St. Luke visits him, as is in the biblical account, and writes the history of the early church, recounting the missionary’s journeys to spread the Gospel that are recorded in the Acts of the Apostles.
The story is fascinating not only because of Luke’s dangerous pilgrimage (the emperor is determined to eliminate Christians) but because of Paul’s amazing transformation.
Originally, Saul was a Jesus-hating Pharisee, the foremost persecutor of Christ followers in his quest to defend what he believed to be true Judaism. A man of the Law, he was zealous in both condemning Christians (a derogatory term that means “Little Christs”) and in his own self-righteousness under the ritual regulations of the Torah.
Saul breathed “threats and murder” against anyone who believed Jesus was the Messiah, now risen from death.

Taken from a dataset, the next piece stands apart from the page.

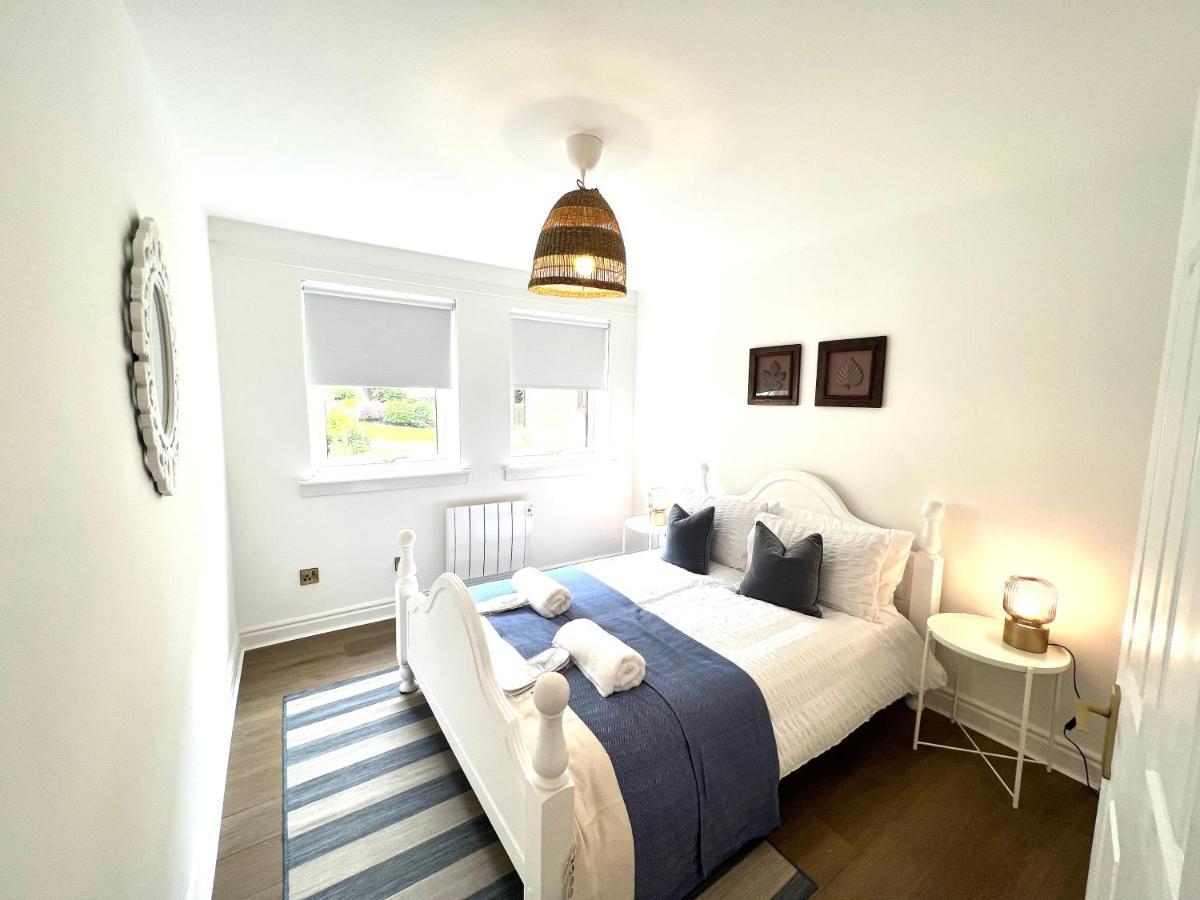 Bellevue Apartment Largs Bagian luar foto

As a leading Pharisee, he authorized the stoning to death of Stephen, the first servant in the sect of Judaism then known as “The Way.”
But on his bloodthirsty mission to Damascus to arrest and prosecute disciples, Saul encountered the Risen One.
“Suddenly a light from heaven flashed about him,” the scripture relates, “and Saul fell to the ground.”
Then he heard an audible voice calling his name. “Saul, Saul, why are you persecuting Me?” It was Jesus, who was crucified and confirmed dead by Roman authorities.
There’s much more to the story, but this epiphany so changed Saul that he devoted the rest of his life to convincing others that Jesus is, indeed, the Messiah. He traveled the world over — more than 10,000 miles by foot and boat — to proclaim the Christ he formerly hated. And his name was changed from Saul to Paul.
Jim Caviezel, who played Jesus in “The Passion of the Christ,” is cast as St. Luke. James Faulkner (Downton Abbey, Game of Thrones) is St. Paul.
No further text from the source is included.